Mr Woodford has said he will set up a new investment firm which will only raise money from professionals.
He told the Sunday Telegraph he was “sorry” for what he did wrong after investors suffered big losses.
But not everyone is convinced by the former star manager’s apology.
“Should Woodford be allowed to open a new fund to professional investors? Particularly as they might not know what risks they are taking on? I think not,” Paul Resnik, chief ethics officer of the Suitable Advice Institute in Melbourne, told the BBC.
“We need to see the result of the Financial Conduct Authority’s analysis and the outcomes of impending court cases and class actions first.
“The coroner hasn’t worked out who’s responsible for the dead bodies yet.”
Mr Woodford built a reputation as a star stock picker over 26 years at the City firm Invesco.
But after he set up his own business – Woodford Investment Management – several investments turned sour, causing his funds to plummet in value and to be suspended by its administrator.
The events leading up to the funds’ collapse in October 2019 are still being investigated by the Financial Conduct Authority.
Some 16 months on, he has returned with the launch of a new investment firm, Woodford Capital Management Partners, which will be based in Buckinghamshire and Jersey, serving institutional and high-net-worth investors.
It will work alongside US investment company Acacia Research to “advise” on an illiquid and unlisted portfolio of life sciences companies once owned by the Woodford Equity Income fund.
“Neil Woodford has financed an extraordinary number of British life sciences companies over the last 20 years,” said Acacia boss Clifford Press.
“When I met Neil, I knew I was standing the in the presence of a truly exceptional investment manager.”
“I’m surprised at Woodford’s return,” Ben Yearsley, director at Shore Financial Planning, told the BBC.
“After the drubbing he has taken, it would have been easy to slip into the background. I assume he already has some professional investors lined up and they are happy with any negative publicity that ensues for backing him.”
Mr Yearsley said he would not be investing any client money in the fund, “as we don’t have any professional clients”.
“It looks as if Woodford is looking for vindication that his original investment strategy was correct all along,” said Ryan Hughes, head of active portfolios at AJ Bell.
“He clearly hopes that much of the emotion and fury that he has faced over the past two years will disappear.”
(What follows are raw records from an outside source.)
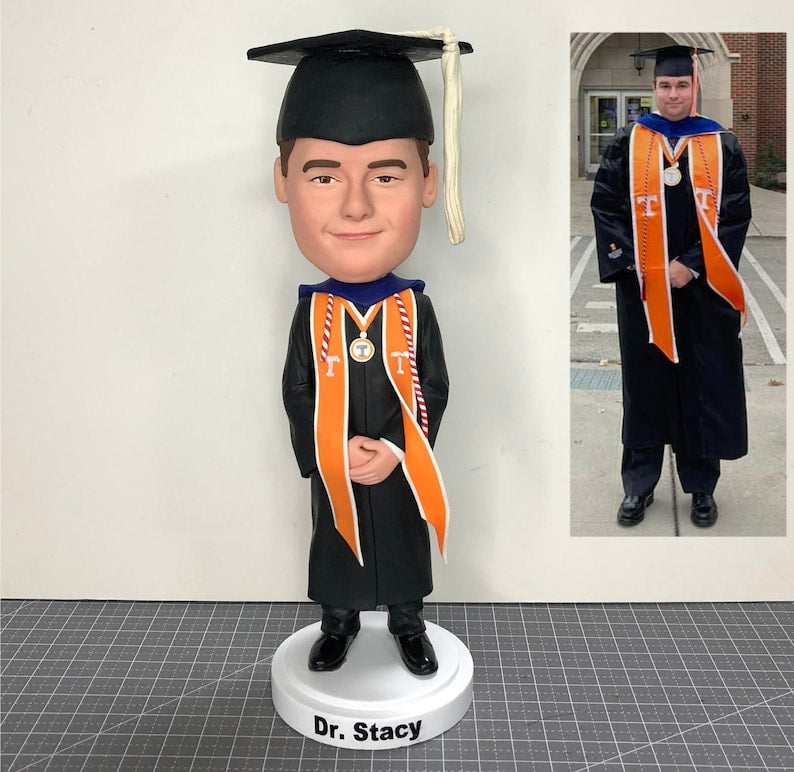 Custom Graduation Bobble Head | Graduation Figurine | Coupleofthings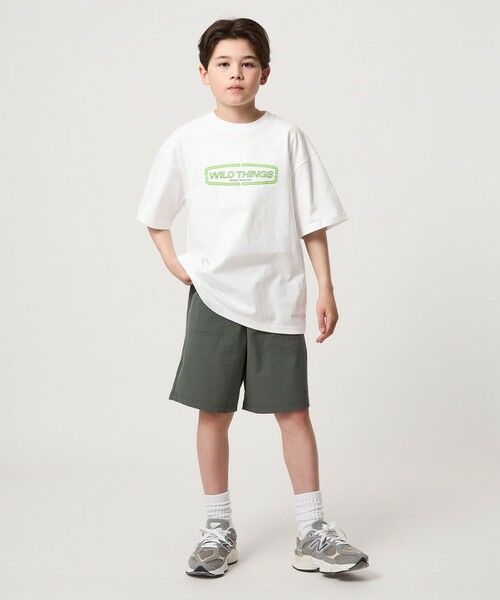 green label relaxing / グリーンレーベル リラクシング カットソー | 【別注】＜WILD THINGS＞ ロゴ ショートスリーブ Tシャツ / キッズ 140cm-160cm | 詳細3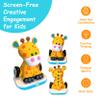Stack-a-Roos Baby Giraffe by Salus Brands - Animal Stacking Toy, Educational Early Learning Toy for Infants Babies Toddlers, Age 12+ Months - Great Baby Gifts, STEM view 4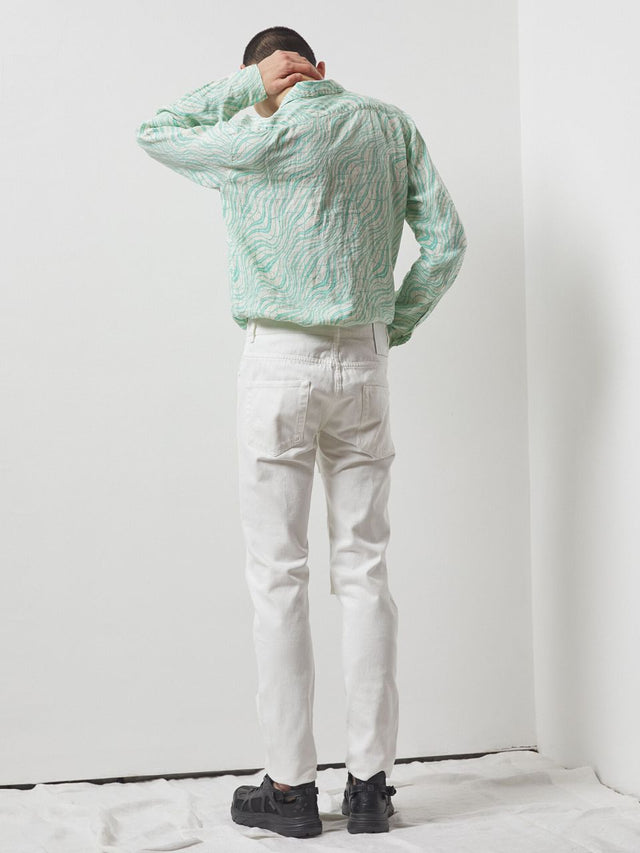 Epsom Green Printed Shirt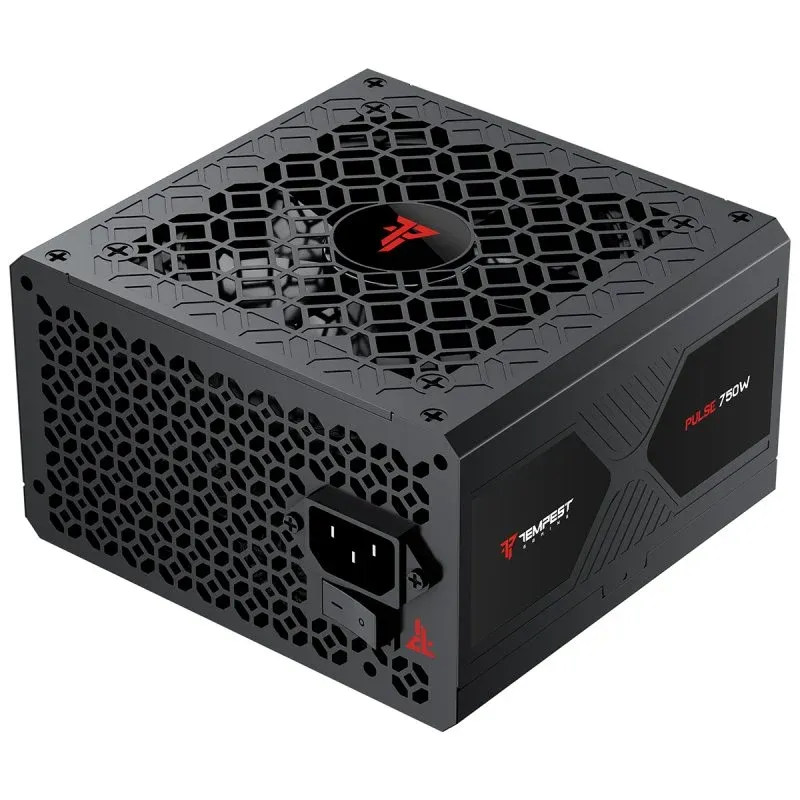 Fonte Alimentação Tempest Pulse PSU 750W Cybenetics Bronze ATX 3.1 Full Modular Fonte de Alimentação Preta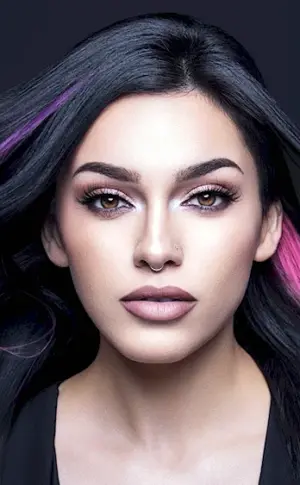 Purple strands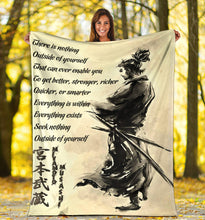Load image into Gallery viewer, Customized There is Nothing Outside of Yourself-Miyamoto Musashi Premium Blanket One Size, Cozy Plush Fleece Blanket - 56x43, 70x54, 80x60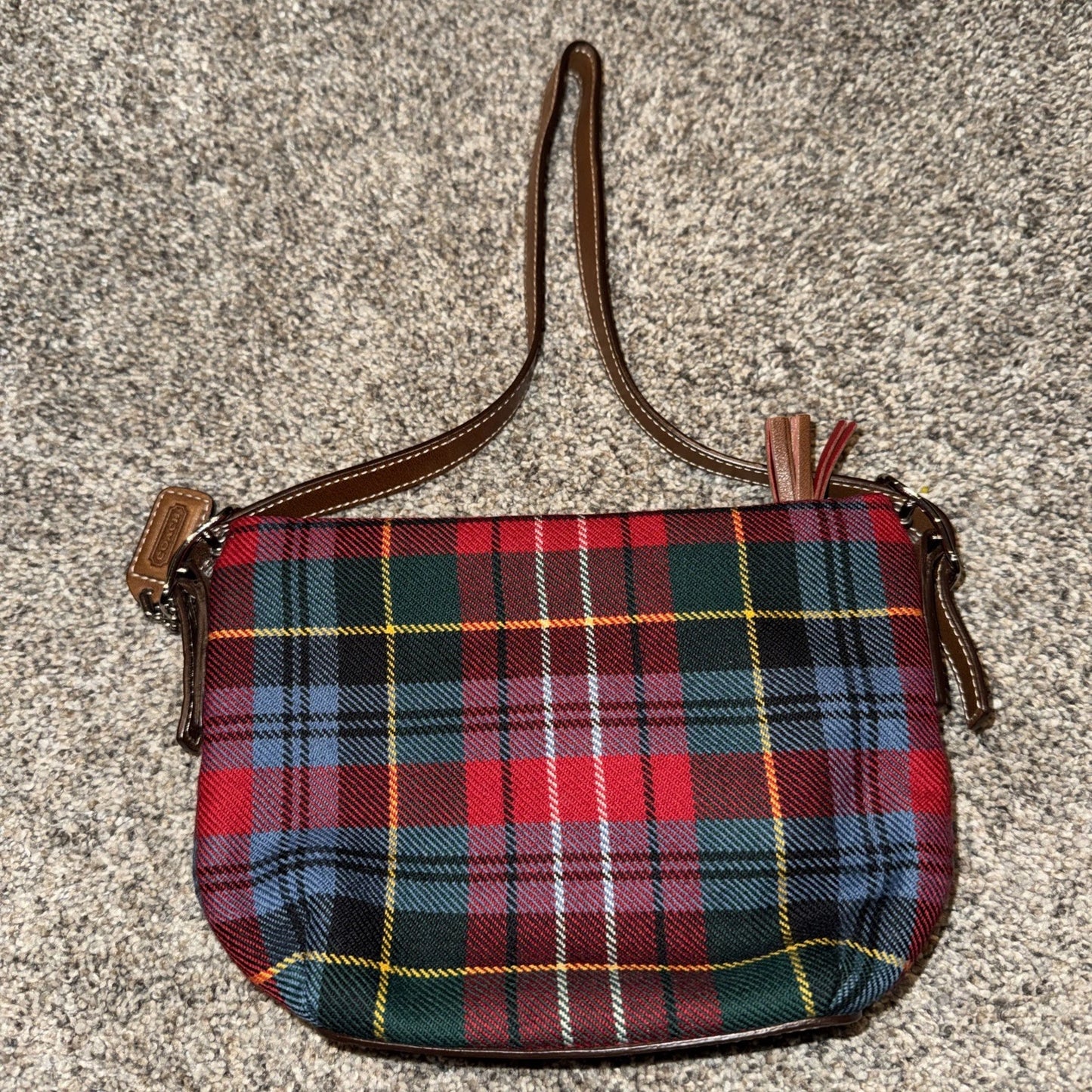 Coach Tartan Plaid Mini Shoulder Bag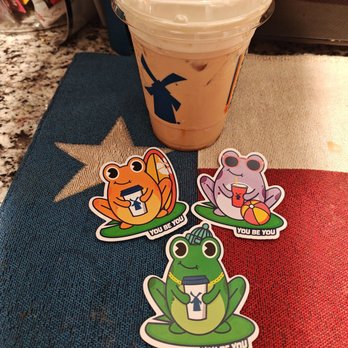 Dutch Bros Coffee - That yummy iced Caramel Pumpkin Burelûe Breve & the awesome frog stickers - Juice Bars & Smoothies Near Me - San Antonio, Texas Dutch Bros Coffee - That yummy iced Caramel Pumpkin Burelûe Breve & the awesome frog stickers - Juice Bars & Smoothies Near Me - San Antonio, Texas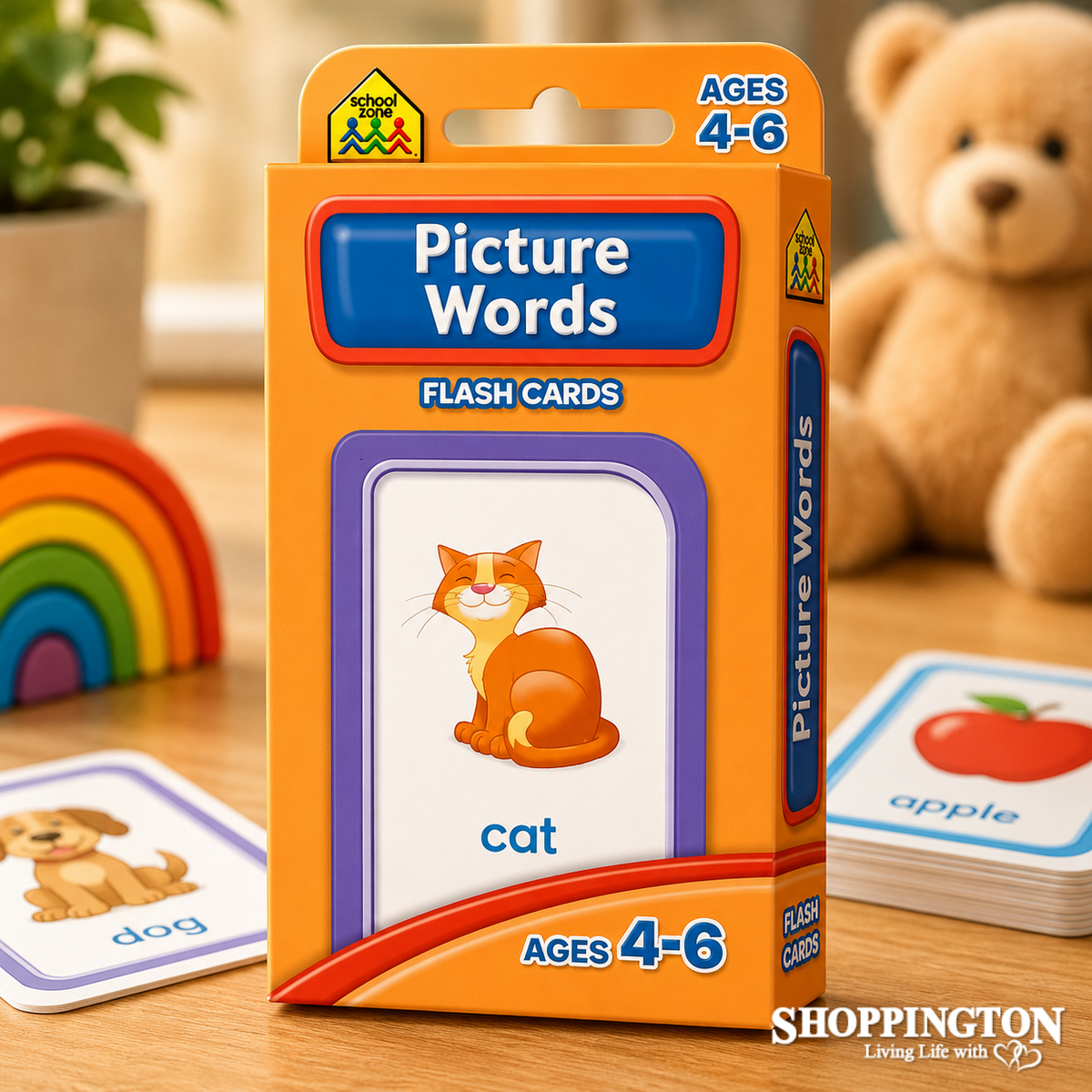School Zone Flash Cards - Picture Words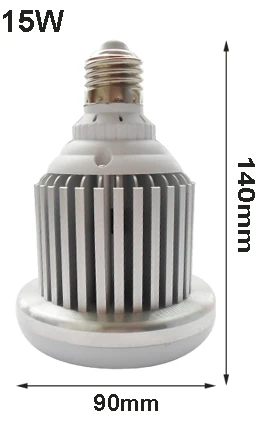 Al por mayor 4 paquete aluminum15W 24 W 36 w bombillas led par luz bombillas mundial bombilla led lampara E27 220 V 230 V 240 V 2 año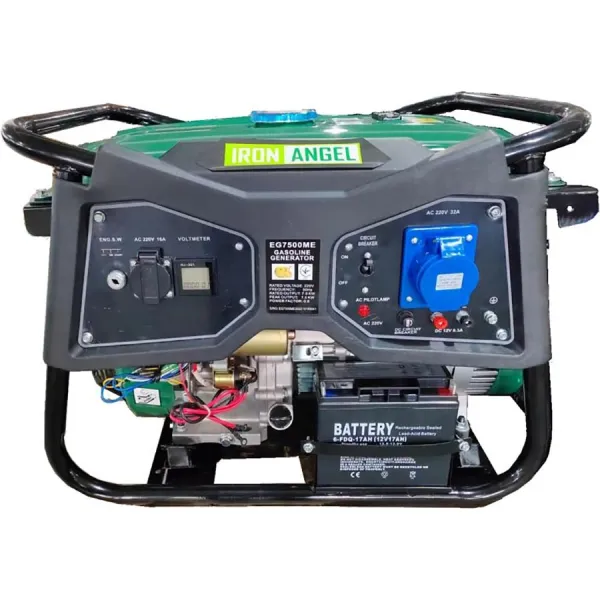Бензиновый генератор Iron Angel EG 7500 ME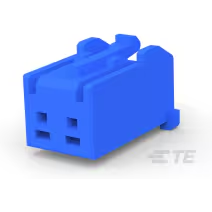 TE Connectivity-2-1971793-2 Einzeladersteckverbinder, Gehäuse Conn Housing PL 2 POS 2.5mm Crimp ST Cable Mount Blue Bag/Box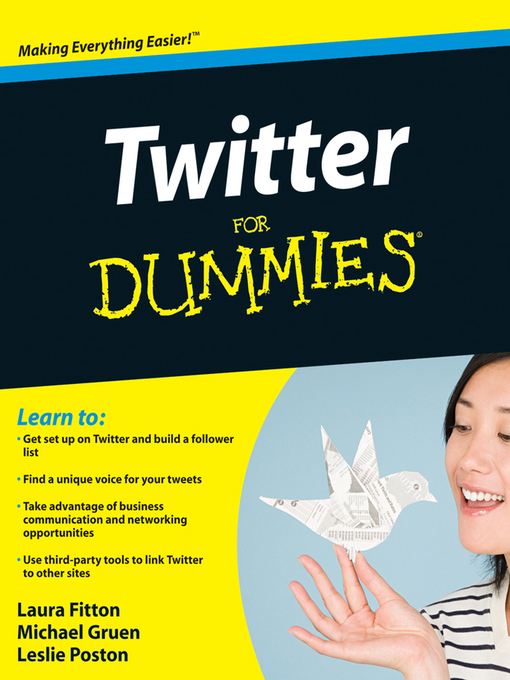 Title details for Twitter For Dummies by Laura Fitton - Available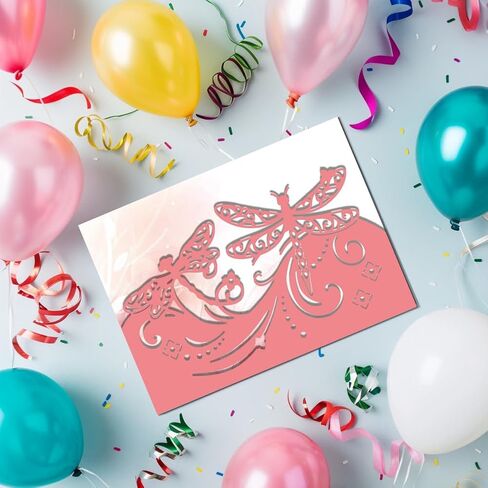 MAYJOYDIY Dragonfly Border Metal Die Cutting Edge Border Embossing Cutting Dies Stencil for Card Making Patterned Dragonfly Die Cut for Scrapbooking Party Photo Album DIY Card Crafts in Saudi Arabia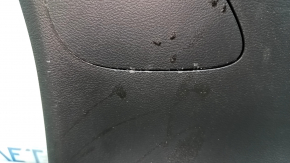 Jeep Compass 17-24 black lower tailgate trim with caps, scratches, broken fastener, dry cleanable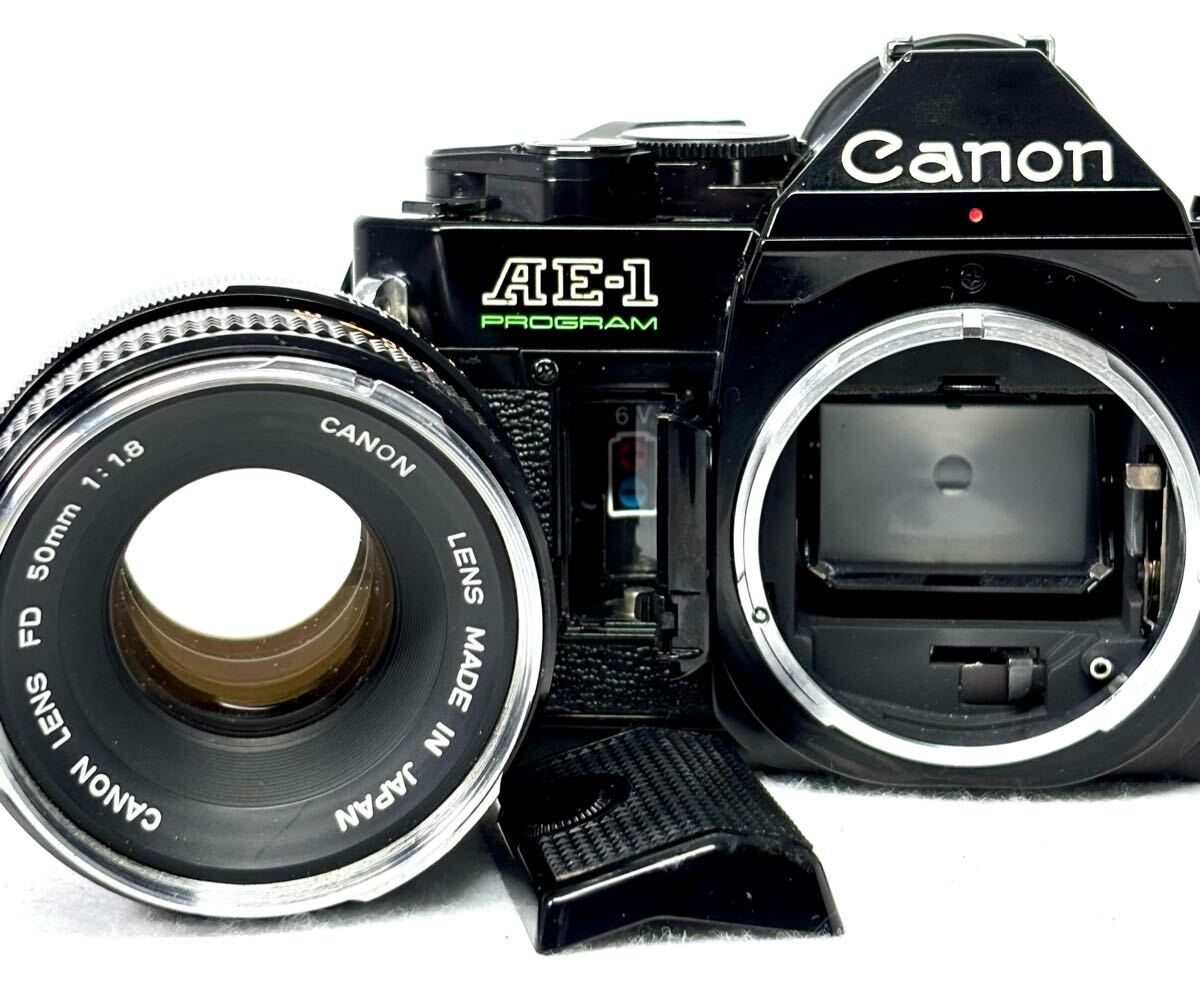 完全動作・優秀品】キャノンCanonフィルムカメラAE-1 Program 完全動作・優秀品】キャノンCanonフィルムカメラAE-1 Program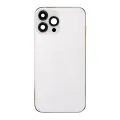 Back Housing W/ Small Parts For iPhone 13 Pro Max (US Version) (Used OEM Pull: Grade B) (Silver)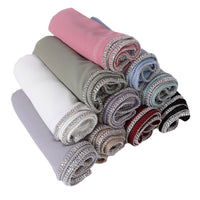 Bright Diamond Long-edged Malaysian Scarf Chiffon Scarf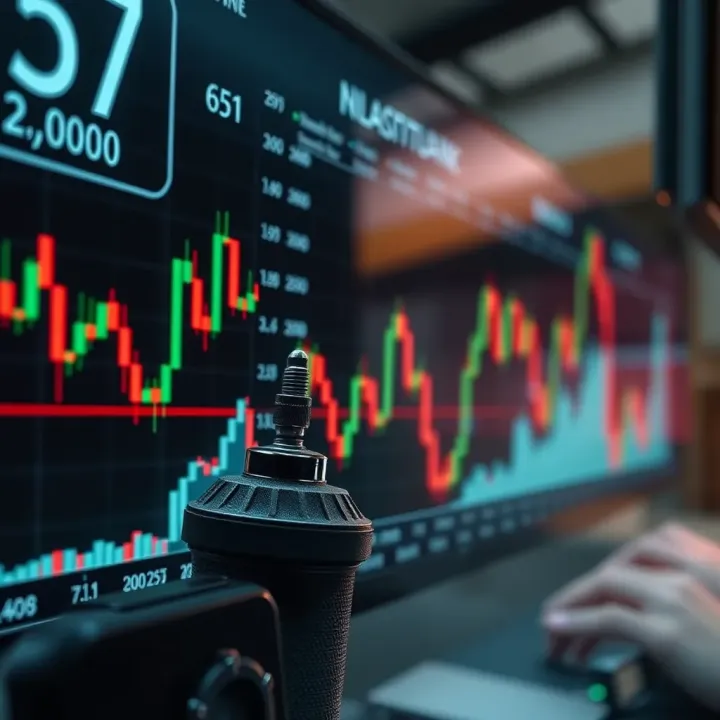 Chart showing asset price movements with highlighted binary investment time frame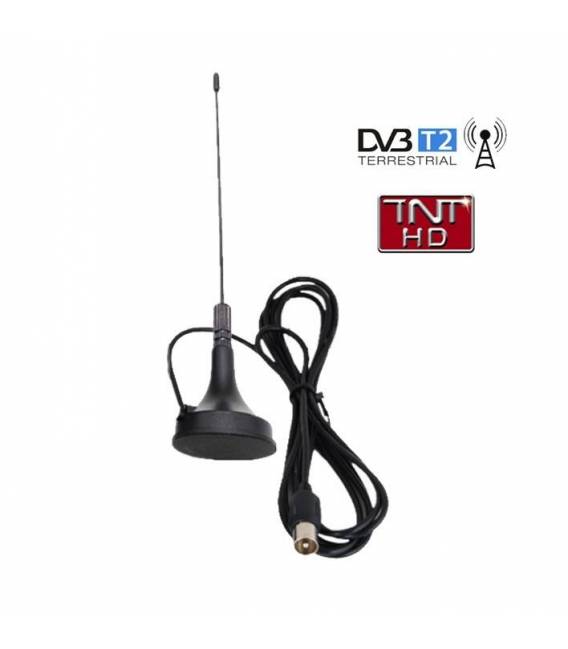 HD-LINE HD-970T Antenne terrestre intérieure TNT HD DVB-T Fiche IEC mâle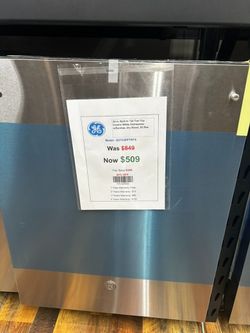 GE Dishwasher - One Year Warranty Included
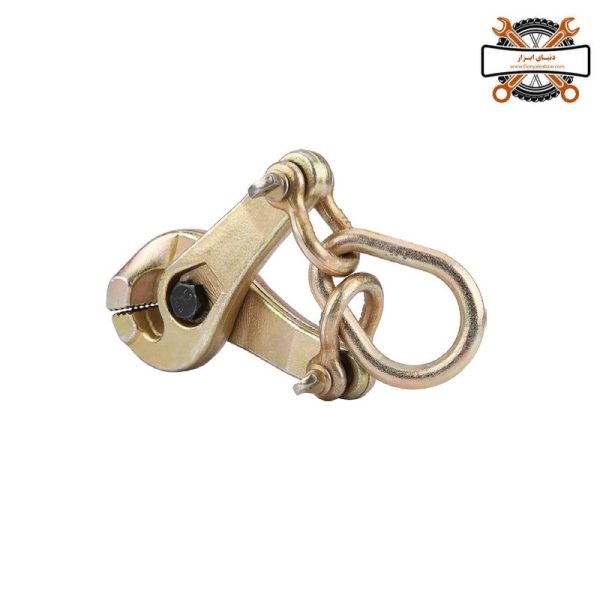 گیره فک قیچی صافکاری خود قفل شو ظرفیت 2تن مستقیم برند LK مدل C1046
But that hope is likely to be in vain, said Mr Hughes. “It looks unlikely that investors of any kind will find it so easy to forget.”
For Mr Agarwal, the events left an even deeper scar and now he feels distrustful of the investment world.
“The Neil Woodford saga has raised quite a few questions regarding the dark side of the fund management industry,” he said.
“Investors have been taken for a ride for too long by unscrupulous managers while fund houses seem to be busy milking gullible investors by charging exorbitant fees.”